Meghan Elizabeth Kallman (born November 18, 1983) is an American politician, academic, and activist serving as a member of the Rhode Island Senate from the 15th district. Elected in November 2020, she assumed office on January 5, 2021.

== Education ==
Kallman earned a Bachelor of Science degree from Smith College, a Master of Arts from the University of Chicago, and a PhD from Brown University. Kallman's scholarship focuses on development sociology, environmental sociology, and organizational sociology.

== Career ==
Kallman began her career at Amnesty International, and then was a marketing manager for Prize4Life. From 2008 to 2011, she was the research director for Urban Innovation Analysis, a 501(c) organization. From 2014 to 2018, she was an instructor at the Community College of Rhode Island. From 2017 to 2021, she served as a member of the Pawtucket City Council. She is an associate professor at the University of Massachusetts Boston at the graduate School for Global Inclusion and Social Development, and an adjunct professor at Brown University. In 2015, Kallman co-founded Conceivable Future, a nonprofit organization that advocates for climate and reproductive justice.
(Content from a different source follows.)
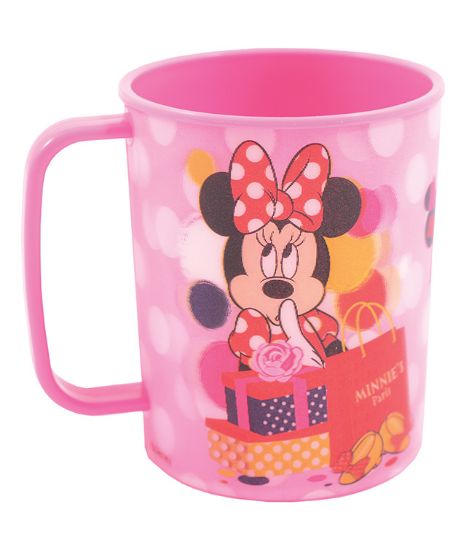 Poza cu CANA PLASTIC 325 ML MINNIE PIGNA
Representing District 15, Kallman was elected to the Rhode Island Senate in November 2020 and assumed office on January 5, 2021. She is also vice chair of the Senate Housing and Municipal Government Committee. In 2021, the Women Legislators' Lobby awarded Kallman the Pacesetter Award for her actions bringing federal funding back to the people she represents. In 2023, Kallman was awarded the Environmental Champion by Clean Water Action for her efforts towards environment and climate protection.

== Personal ==
She is Jewish.

== Bibliography (selected) ==

- Kallman, Meghan Elizabeth. 2020. The Death of Idealism: Development and Anti-Politics in the Peace Corps. Columbia University Press.
- Malin, Stephanie A., and Meghan Elizabeth Kallman. 2022. Building Something Better: Environmental Crises and the Promise of Community Change. New Brunswick, New Jersey: Rutgers University Press.
- Kallman, Meghan Elizabeth, and Terry Clark. 2016. The Third Sector: Community Organizations, NGOs, and Nonprofits. Urbana: University of Illinois Press.